Maldivian film production company

Yaaraa Productions is a Maldivian film production company based in Malé producing Maldivian films.

== History ==
The company's first production was Aishath Rishmy and Aminath Rasheedha's debut direction Hukuru Vileyrey (2006), which was based on a novel published by Ibrahim Waheed on Haveeru Daily 3 years before. The film was a commercial success. It was considered as "one of the few acceptable horror movies the Maldives film industry has ever produced". The film was later released as a 15 episode television series with the inclusion of several clips that were cut from the theatrical release.

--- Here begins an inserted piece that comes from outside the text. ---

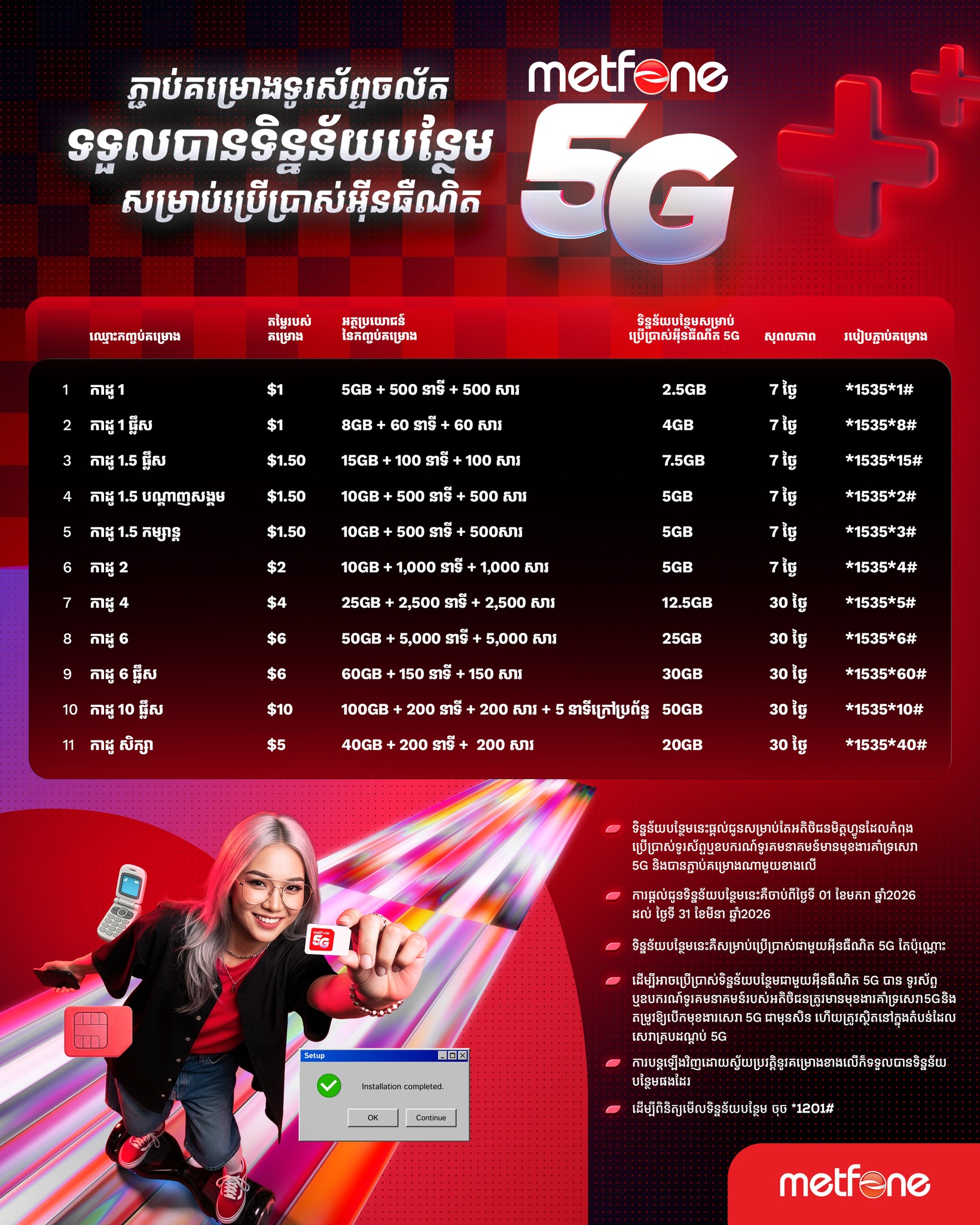 Metfone - តស់ៗ! មកសាកល្បង និងភ្ជាប់គម្រោងទូរស័ព្ទចល័ត ...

The company then went on to produce a family drama film Fanaa (2010) which was directed by Aishath Rishmy. Based on a novel published by Waheed titled Balgish, the film received a mixed to negative response from critics; Ali Naafiz from Haveeru Daily classified the film as the "worst Maldivian film released so far" during the year.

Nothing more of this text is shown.